Group recruiting rejected applicants for lawsuit
West Point’s growth in minority enrollment could face a new threat.
Students for Fair Admission, an organization that in June won a U.S. Supreme Court case that effectively ended the consideration of race in admissions decisions by universities, is recruiting plaintiffs for a lawsuit against West Point and the Air Force and Naval academies.
The group says it is “committed to ending these practices at America’s military service academies.” Applicants to the academies and high school seniors intending to apply are invited to “tell us your story” at WestPointNotFair.org if they suspect they didn’t get in because “you’re the wrong race.”
Students for Fair Admission claimed discrimination against Asian and white applicants in lawsuits against Harvard and the University of North Carolina that ended up before the Supreme Court. On June 29, in a majority opinion written by Chief Justice John Roberts, the court said the schools “lack sufficiently focused and measurable objectives warranting the use of race, unavoidably employ race in a negative manner, involve racial stereotyping and lack meaningful endpoints,” in violation of the Equal Protection Clause of the U.S. Constitution’s 14th Amendment.

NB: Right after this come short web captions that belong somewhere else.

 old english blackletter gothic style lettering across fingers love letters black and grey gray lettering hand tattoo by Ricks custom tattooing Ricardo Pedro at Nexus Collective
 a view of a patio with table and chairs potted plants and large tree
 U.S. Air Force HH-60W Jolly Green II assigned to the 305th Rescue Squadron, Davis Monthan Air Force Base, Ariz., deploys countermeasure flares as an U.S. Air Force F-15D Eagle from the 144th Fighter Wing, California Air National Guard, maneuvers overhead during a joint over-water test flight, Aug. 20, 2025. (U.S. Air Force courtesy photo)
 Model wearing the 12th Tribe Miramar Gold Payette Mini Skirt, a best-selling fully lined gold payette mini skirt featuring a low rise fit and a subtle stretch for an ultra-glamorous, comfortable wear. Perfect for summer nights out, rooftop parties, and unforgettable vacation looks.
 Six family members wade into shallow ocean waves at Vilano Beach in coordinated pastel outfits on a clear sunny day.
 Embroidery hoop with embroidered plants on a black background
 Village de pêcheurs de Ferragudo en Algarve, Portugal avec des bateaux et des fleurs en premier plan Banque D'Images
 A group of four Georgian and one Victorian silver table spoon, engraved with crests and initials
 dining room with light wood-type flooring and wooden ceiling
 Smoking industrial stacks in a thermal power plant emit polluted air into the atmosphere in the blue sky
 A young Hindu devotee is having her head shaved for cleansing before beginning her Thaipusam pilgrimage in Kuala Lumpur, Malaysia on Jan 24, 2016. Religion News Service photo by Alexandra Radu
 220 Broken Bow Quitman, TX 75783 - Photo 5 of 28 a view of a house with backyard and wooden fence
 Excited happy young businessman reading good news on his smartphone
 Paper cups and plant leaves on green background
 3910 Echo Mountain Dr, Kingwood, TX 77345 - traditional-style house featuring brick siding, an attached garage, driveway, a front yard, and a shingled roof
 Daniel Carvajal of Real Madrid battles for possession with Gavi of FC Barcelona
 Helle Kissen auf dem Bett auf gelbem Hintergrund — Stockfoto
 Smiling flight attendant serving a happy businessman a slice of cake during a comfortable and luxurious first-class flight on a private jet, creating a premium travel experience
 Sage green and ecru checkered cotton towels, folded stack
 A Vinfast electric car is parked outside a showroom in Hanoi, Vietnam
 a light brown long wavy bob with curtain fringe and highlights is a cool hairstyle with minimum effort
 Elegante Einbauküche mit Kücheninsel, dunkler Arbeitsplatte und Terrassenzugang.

Roberts also concluded, however, that “nothing prohibits universities from considering an applicant’s discussion of how race affected the applicant’s life, so long as that discussion is concretely tied to a quality of character or unique ability that the particular applicant can contribute to the university.”
The opinion does not address the consideration of race in admissions to West Point and the other military academies “in light of the potentially distinct interests that military academies may present,” Roberts wrote.
Minority enrollment has grown significantly at West Point, where applicants need to meet academic and physical-fitness requirements and be nominated by the U.S. president or vice president, a member of the U.S. Senate or House, Army veteran or the children of military members who are deceased, disabled, a Medal of Honor recipient, a prisoner of war or missing in action.
Minorities represent 38 percent of West Point’s incoming first-year class this year, including 170 Asians, 137 Latinos, 127 Blacks and 18 Native Americans, according to the academy.
That diversity drew support from a group of 35 former military leaders who filed an amicus brief in the Supreme Court case. The group includes Daniel Christman, a former West Point superintendent, and Bob Kerrey, a former Nebraska senator and governor.
They argue that the military’s ability to field a diverse corps of officers “hinges, in turn, on the military’s continuing admission of diverse student bodies” to the academies and Reserve Officer Training Corps programs at colleges.
“History has shown that placing a diverse armed forces under the command of homogenous leadership is a recipe for internal resentment, discord and violence,” they wrote. “By contrast, units that are diverse across all levels are more cohesive, collaborative and effective.”
The military leaders criticized as “thinly sourced” an amicus brief filed by a group called Veterans for Fairness and Merit, which says 292 of its 627 members are graduates of the five service academies (including the Coast Guard and Merchant Marines).
Veterans for Fairness and Merit claims that considering race in admissions is “unquestionably harmful to our national security” and that the policies “have been costly, inefficient, and, in some instances, have reduced quality.”